PROMPT
Working from the records below, return word for word the line that contains "رفتار عجیب تشریفات" and each line after it, ending with the last. Skip all pictures.

::: MATERIAL SUPPLIED

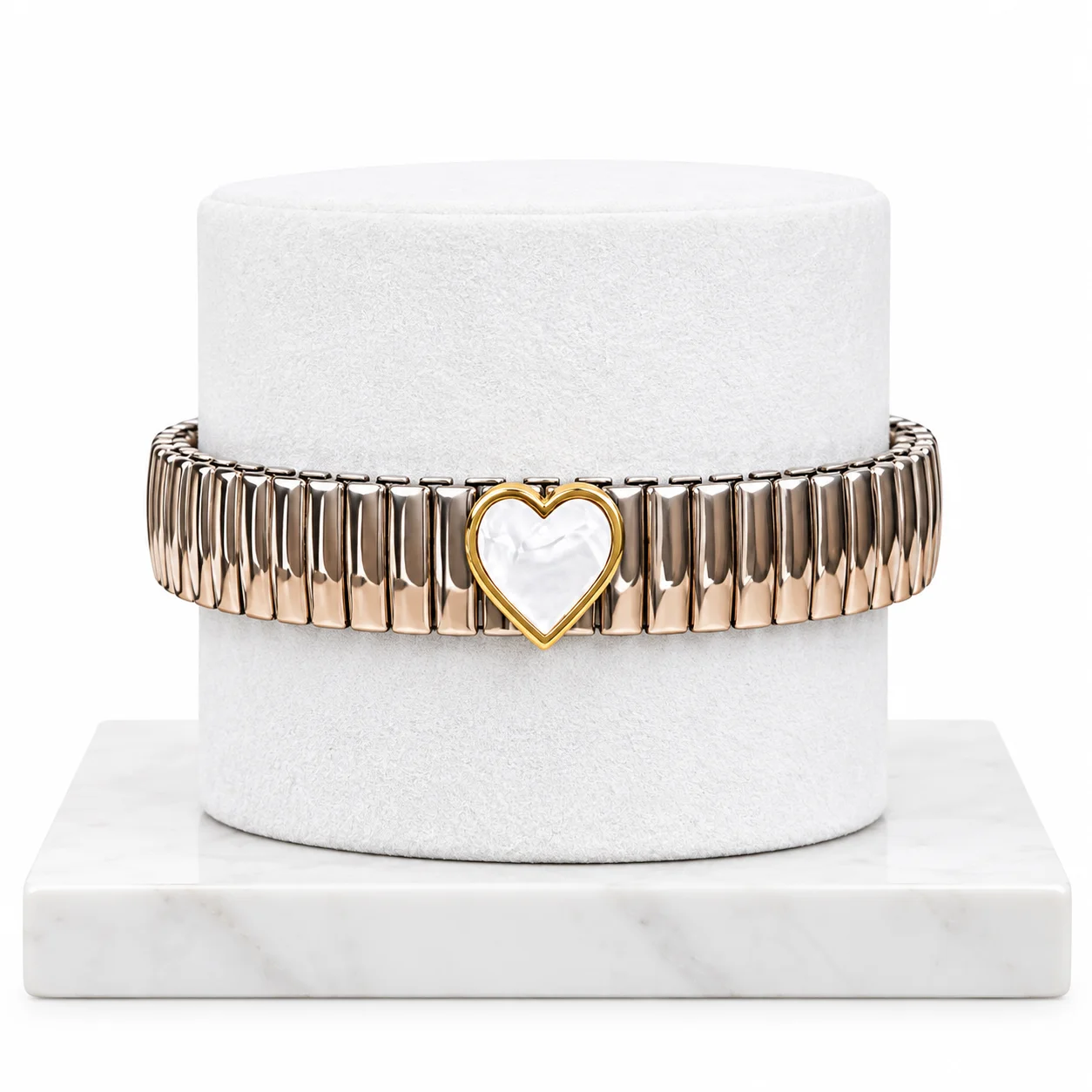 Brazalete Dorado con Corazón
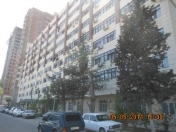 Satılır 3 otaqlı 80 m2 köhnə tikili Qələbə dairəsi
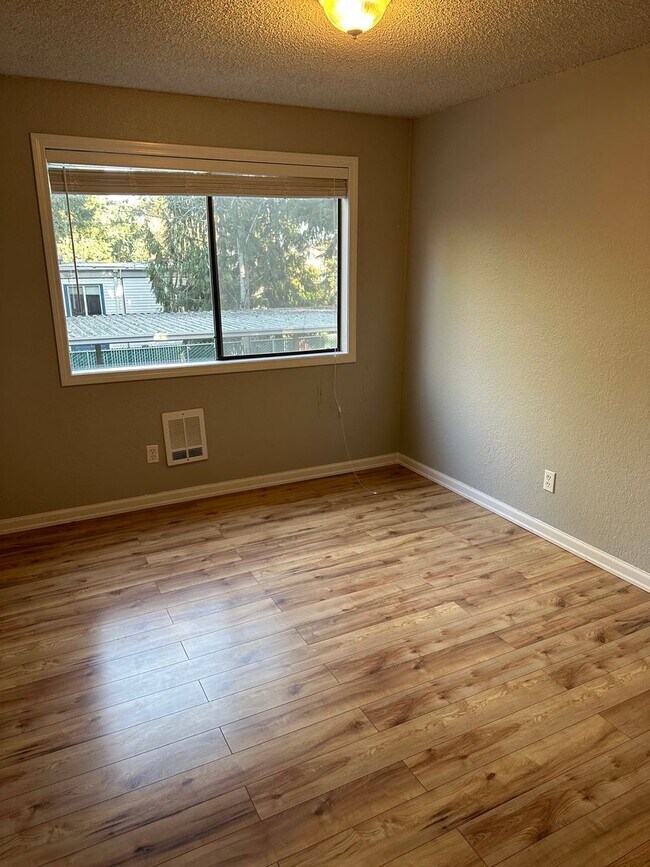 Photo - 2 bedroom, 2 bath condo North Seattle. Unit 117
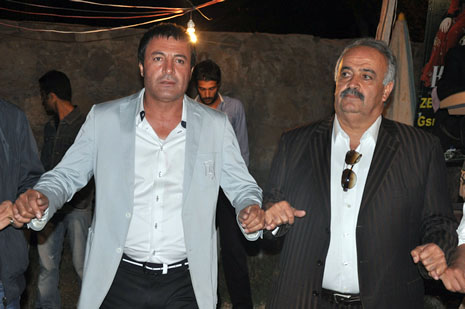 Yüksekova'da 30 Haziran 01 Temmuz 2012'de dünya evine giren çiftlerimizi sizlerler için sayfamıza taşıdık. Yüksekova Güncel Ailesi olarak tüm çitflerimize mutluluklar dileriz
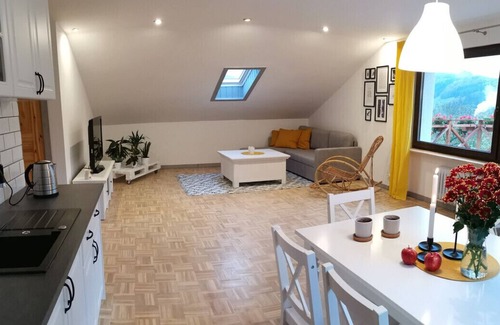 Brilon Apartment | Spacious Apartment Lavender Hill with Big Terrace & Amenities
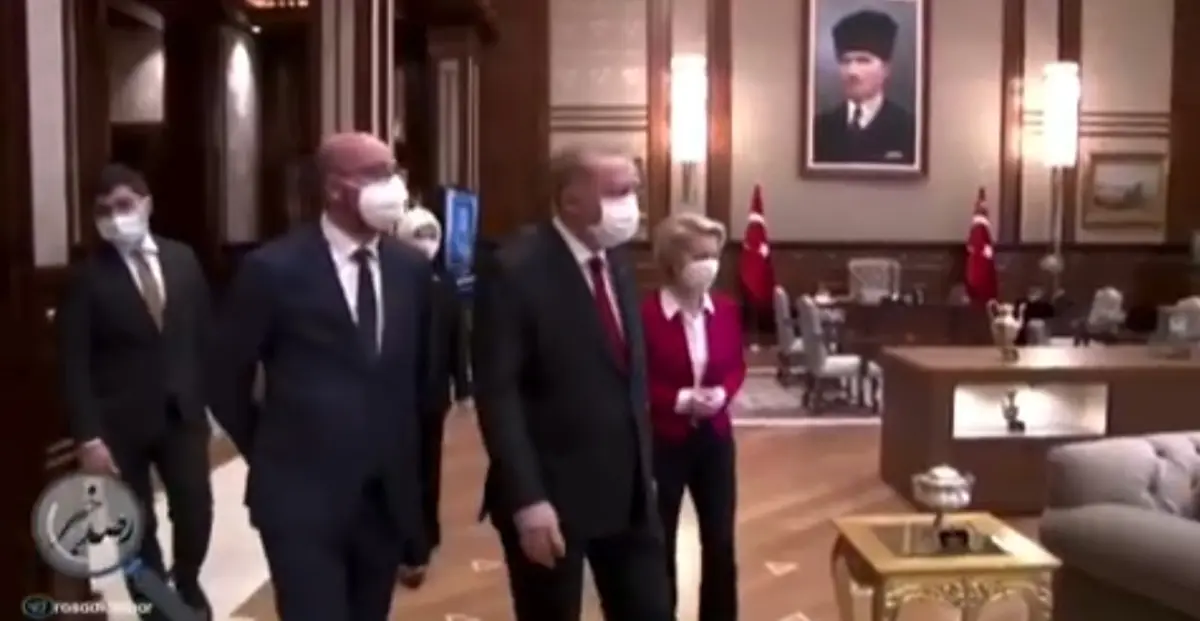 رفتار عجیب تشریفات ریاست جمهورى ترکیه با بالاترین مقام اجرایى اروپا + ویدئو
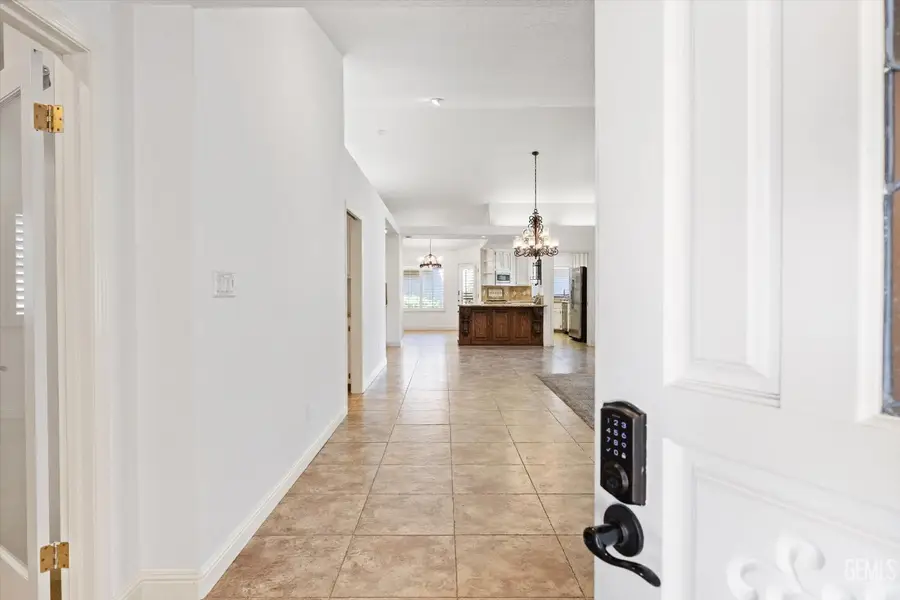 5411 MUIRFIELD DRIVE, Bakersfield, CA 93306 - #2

::::::

EXPECTED ANSWER
 رفتار عجیب تشریفات ریاست جمهورى ترکیه با بالاترین مقام اجرایى اروپا + ویدئو
 5411 MUIRFIELD DRIVE, Bakersfield, CA 93306 - #2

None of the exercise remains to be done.